The Happy Harry’s shop in Hamden is nestled between a Dunkin Donuts and the diner Barbara’s Restaurant.
“They don’t only come for the alcohol from Paramount,” Patel said.
Patel said he thought he was cooperating with the neighborhood by constantly contacting the police department when problems arose.
“Everything is coming on me, but this corner is busy because of all the businesses,” Patel said.
He said he has to deal with nearby businesses dumping their trash by his dumpster and other businesses’ customers using his parking lot.
“People park here because I’m the only one with parking. They all go to all the businesses, then come back and make it look like they only come here for me,” Patel said. “We can’t always be outside, because we have to be inside working.”
He said he is currently working to get a buzzer for the shop’s entrance and a parking lot chain to close off the parking lot when necessary.
While at the shop Monday, Patel and an employee said they had to make dozens of calls to the shop’s distributors to try and send back the $70,000 worth of June inventory .
“I don’t know how I can pay the delivery if I cannot open the store,” he said.
Years ago, Patel said, the corner had more walking police patrols, and that helped deter problems.
Neighbors: "We're Not Giving It Back"
Meanwhile Horton and Allen McCollum, director of Whalley Avenue Special Services District (WASSD), praised the commission’s decision. Horton said it will “bring peace and quality of life back to the corner.”
Horton said after seven years of trying to work with Patel to improve Paramount’s presence in the neighborhood, she struggles to believe things can ever change.
She said even after the April hearing, she witnessed nine intoxicated people laid out outside the store.
One question that remains unanswered by the commission and neighbors is whether the closure of Paramount will help address the broader concern of alcohol use disorders in the neighborhood.
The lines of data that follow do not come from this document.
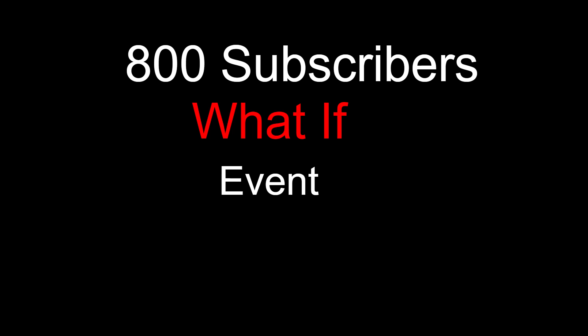Oh yeah, another thing: before each video of the 800 subscriber what if event, I'll be putting this on here, and I'll put a number on it.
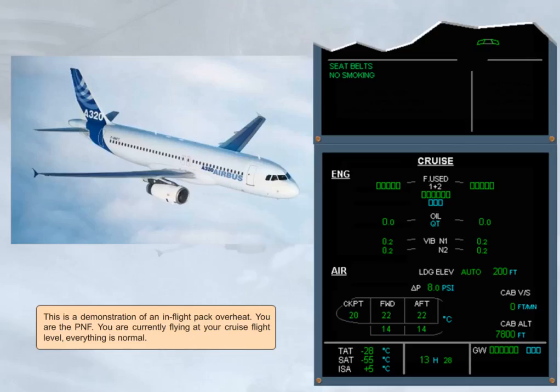This is a demonstration of an in-flight PEC overheat. You are the pilot non-flying. You are currently flying at your cruise flight level, everything is normal.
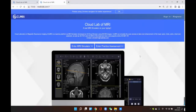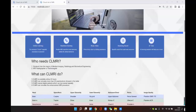After you practice in the simulator system, you can enter practice assessment to test yourself. After the test, the assessment system will give you an assessment report automatically and point out what problems there were with your test.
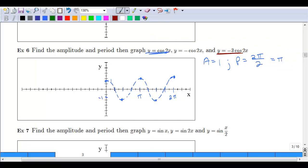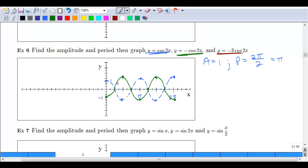Next we look at what happens when we apply the negative — we flip the curve. We take that dotted blue curve and flip it over. Instead of starting at 1, we start at negative 1. We still cross the axis at our quarter mark, hit our amplitude of 1 at the halfway mark, come back down to the axis at the three-quarter mark, and return to our starting point. Repeat for the second cycle. Again, make this a dotted line since it isn't the final version.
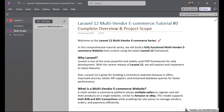Hello friends, welcome to Multi-Vendor eCommerce series in Laravel 12. I am Amit Gupta, your guide for this series. Throughout this tutorial, I will walk you through building a complete Multi-Vendor eCommerce website using Laravel 12. Whether you are a beginner or an experienced developer, this series will help you understand Laravel's latest features and how to implement them effectively.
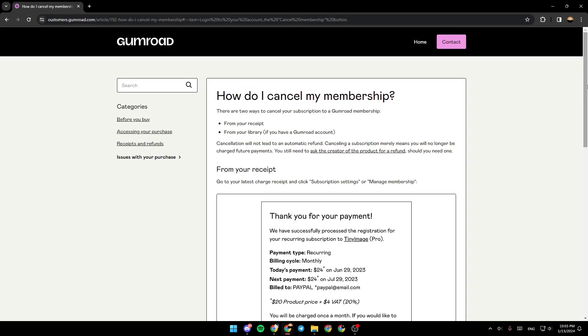As you can see, I am right now on the Gumroad website where I found a guide that perfectly explains how to cancel your membership. As you can see right here, 'How do I cancel my membership?'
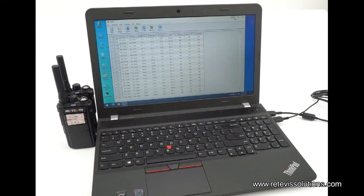That is, the wireless ID of the two radios must be the same. You must want to know: what is the wireless ID and how can I confirm they are the same? Let's show you.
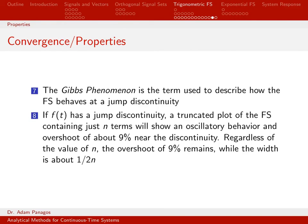Point seven brings us back to discontinuities. We've looked at examples where having a discontinuity produces an oscillation near it. This point is really just providing the name of that phenomenon — people call this the Gibbs phenomenon. So when we see that oscillatory behavior in our Fourier series representation, that's what's known as the Gibbs phenomenon.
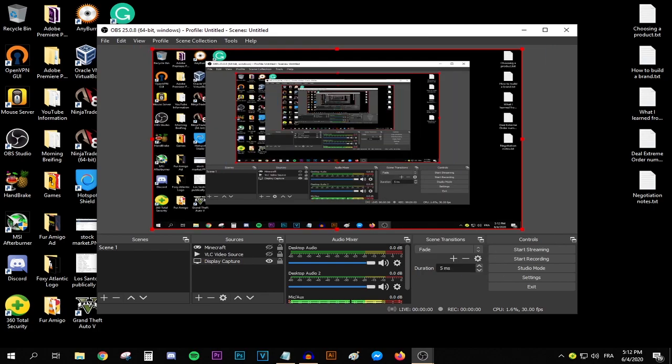Anyways, those are the best recording settings for low-end PCs. I hope you guys enjoyed today's video. Leave a like and subscribe. We are so close to 3000 subscribers, and if you guys could help me reach 3000 subscribers, that would be absolutely amazing. Leave a like so you can help this video reach as many people as possible and possibly help them out. And with that being said, I will see you guys in the next video. Bye bye.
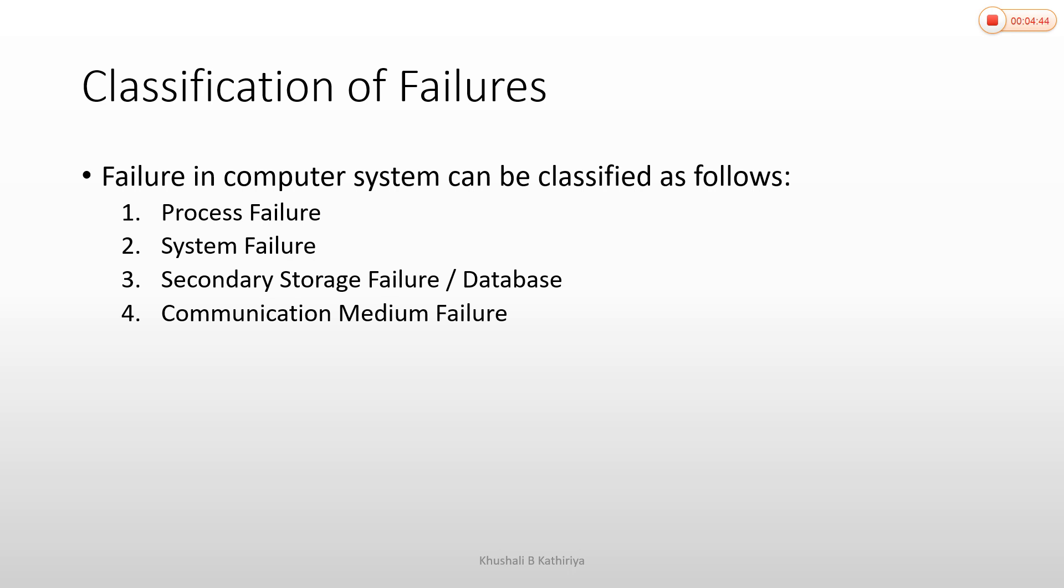In summary, there are four types of failure classification. First is process failure, when a process cannot execute. Second is system failure, when the system becomes corrupted due to hardware or software damage. Third is secondary storage failure, when the database cannot be accessed. Fourth is communication medium failure, when sites cannot communicate with each other.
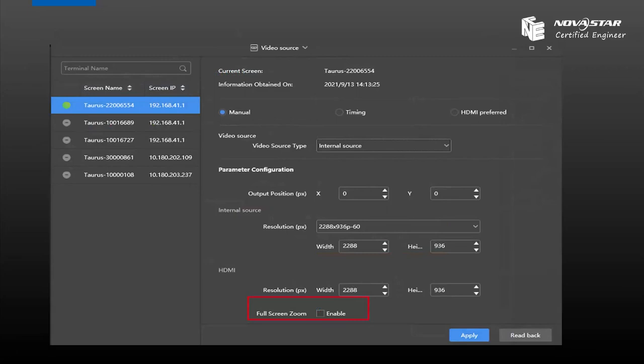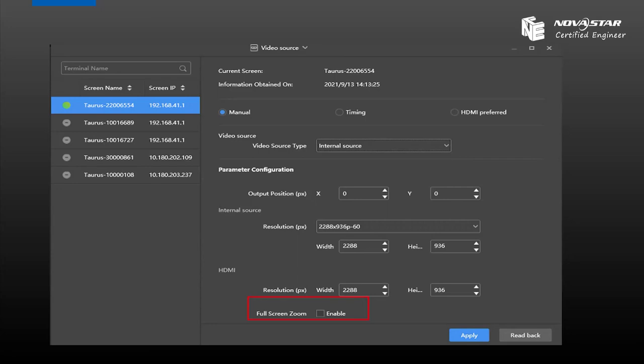The function only allows the user to zoom out the image, not zoom in, because of the Taurus maximum resolution pixel limitation. So we only use the full screen zoom function to zoom out image or video.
Hortone described Paramount as “the main driver of all the issues on that corner.” Since its closure, the corner has been quiet and peaceful, she said.
She said other active areas like the New York Style Deli and Island Spice, just across the way from Paramount, continue to make efforts to clean up their properties and deter loitering when notified.
“When the community offered suggestions to improve and bring order and peace to Paramount, we were ignored,” she said.
“You cannot just come into a neighborhood and get whatever you can in terms of money and city resources, just go home at the end of the day, and just leave us to clean it up,” she said.
McCollum said the closure of Paramount is “going to be a great transition for the district.”
He said Whalley Avenue has too many liquor stores, which creates a bad environment.
McCollum owns the property next door to Paramount that houses Island Spice at 459 Winthrop Ave. and the Deli at 351 Whalley Ave. He said he was getting complaints from his tenants on a daily basis about the corner’s loitering activity and public intoxication.
McCollum too has sat down with Patel on a number of occasions in the past to discuss how to improve the corner. “His actions didn’t follow with the conversations we had,” he said.
The closing of Paramount is only the start, McCollum said. He said he hopes to see another liquor store closed on Whalley to limit the easy access of alcohol to those suffering from alcohol abuse disorder. He said he has spoken with several neighborhood residents who agree.
“Closing Paramount is a start to revitalizing the district,” he said. “I’m wondering if it will be up for sale.”